Mapping Social Positioning on Twitter
Many of us run at least one personal or work-related Twitter account, but how do you know where your account is positioned in a wider social context? In particular, how can you map where your Twitter account is positioned with respect to other Twitter users?
A recent blog post by Catherine Howe, Birmingham maptastic, describes a mapping exercise intended “to support a discovery layer for NHS Citizen”. Several observations jumped out at me from that writeup:
The vast majority [of particpants] (have not counted but around 20/24 from memory) chose to draw diagrams of their networks rather than simply report the data.
So people like the idea of network diagrams; as anyone who has constructed a mind-map will know, the form encourages you to make links between similar things, use space/layout to group and differentiate things, and build on what you’ve already got/fill in the gaps.
We’ll need to follow up with desk research to get twitter addresses and the other organizational information we were after.
Desk research? As long as you don’t want too much Twitter data, the easiest way of grabbing Twitter info is programmatically…
I am not sure that we can collect the relationship data that we wanted as few of the participants so far have been able to include this with any great confidence. I am not sure how much of a problem this is if we are just looking at mapping for the purposes of discover[y].
So what’s affecting confidence? Lack of clarity about what information to collect, how to collect it, how to state with confidence what relationships exist, or maybe what categories accounts fall into?
We need to work out how to include individuals who have many ‘hats’. So many of the people we have spoken to have multiple roles within what will be the NHS Citizen system; Carers and service users are also often highly networked within the system and I think this needs to be captured in the mapping exercise more explicitly. I am thinking of doing this by asking these people to draw multiple maps for each of their contexts but I am not sure that this reflects how people see themselves – they are just ‘me’. This is an important aspect to understanding the flow within the discover space in the future – how much information/connection is passed institutionally and how much is as a result of informal or at least personal channels. This is perhaps something to consider with respect to how we think about identity management and the distinction between people acting institutionally and people acting as individuals.

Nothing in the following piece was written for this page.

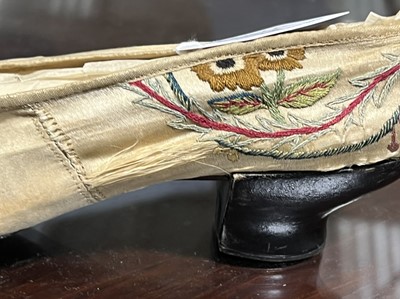 Lot 154 - A pair of ladies silk shoes, mid 18th Century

People may wear different hats, but are these tied to one identity or many identities? If it’s a single identity, we may be able to identify different hats by virtue of different networks that exist between the members of the target individual’s own network. For example, many of the data folk I know know each other, and my family members all know each other. But there are few connections, other than me, joining those networks. If there are multiple identities, it may make sense to generate separate maps, and then maybe at a later stage look for overlaps.
Be specific. I need to make sure we are disciplined in the data collection to distinguish between specific and generic instances of something like Healthwatch. In the network maps people are simply putting ‘Healthwatch’ and not saying which one.
Generating a map of “Healthwatch” itself could be a good first step here: what does the Healthwatch organisation itself look like, and does it map into several distinct areas?
In another recent post, #NHSSM #HWBlearn can you help shape some key social media guidelines?, Dan Slee said:
You may not know this but there’s a corner of local government that’s has a major say in decisions that will affect how your family is treated when they are not well.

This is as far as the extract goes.